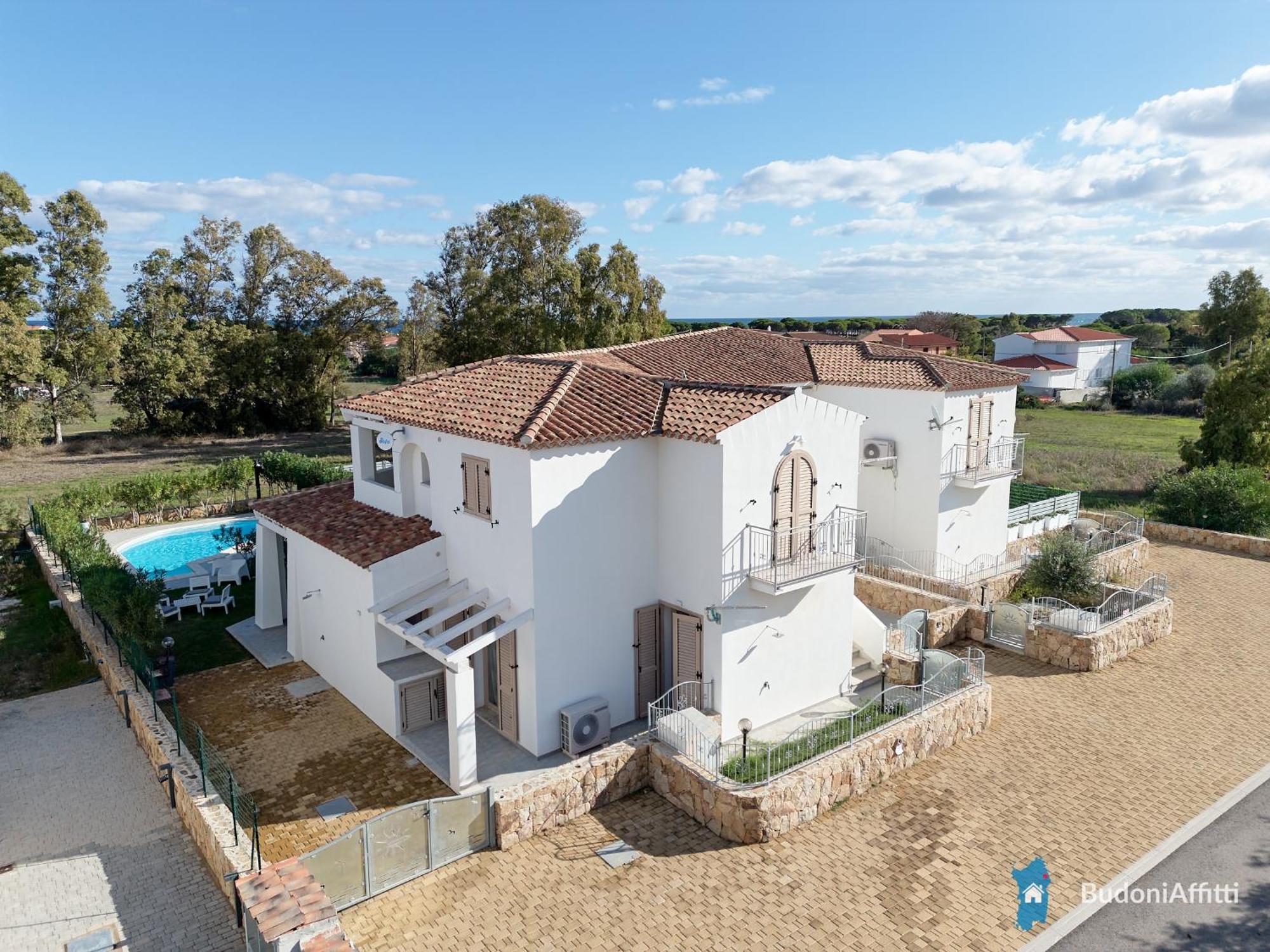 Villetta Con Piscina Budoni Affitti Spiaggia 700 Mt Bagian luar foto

---

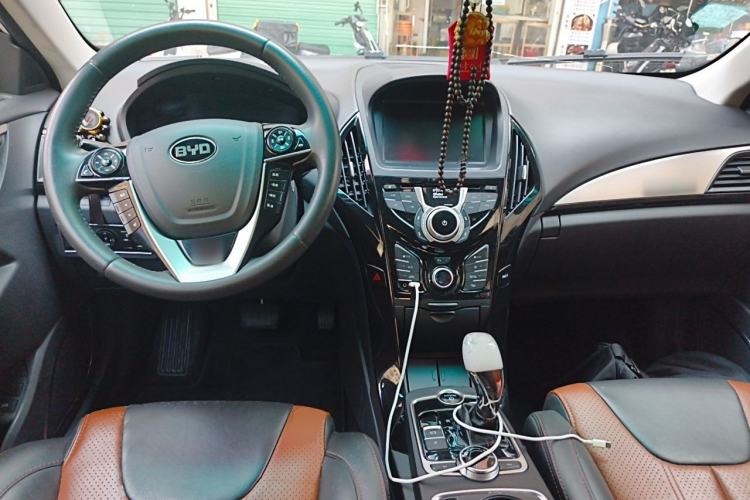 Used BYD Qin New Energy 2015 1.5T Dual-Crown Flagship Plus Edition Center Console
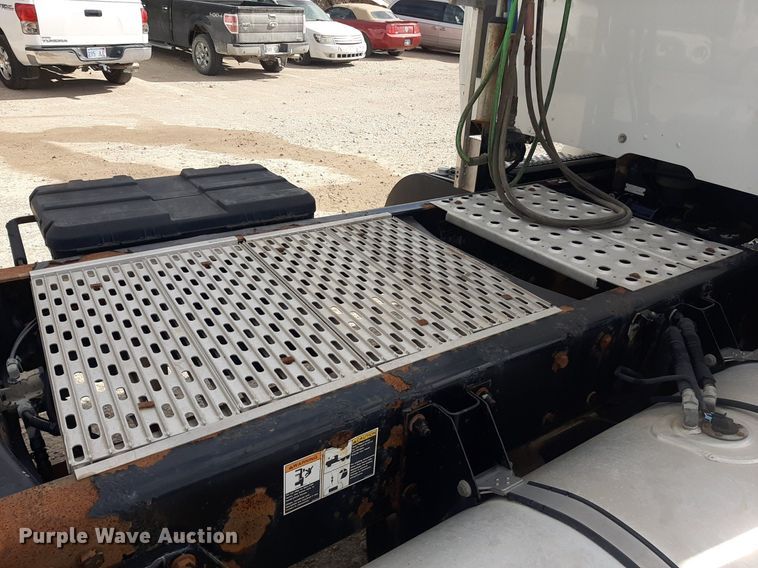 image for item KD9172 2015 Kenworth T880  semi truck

TO DO
Give again, exactly as written above, each line from the one that has "Used BYD Qin" to the one that has "image for item", both included; omit the pictures.

RESPONSE TO THIS TASK
 Used BYD Qin New Energy 2015 1.5T Dual-Crown Flagship Plus Edition Center Console
 image for item KD9172 2015 Kenworth T880  semi truck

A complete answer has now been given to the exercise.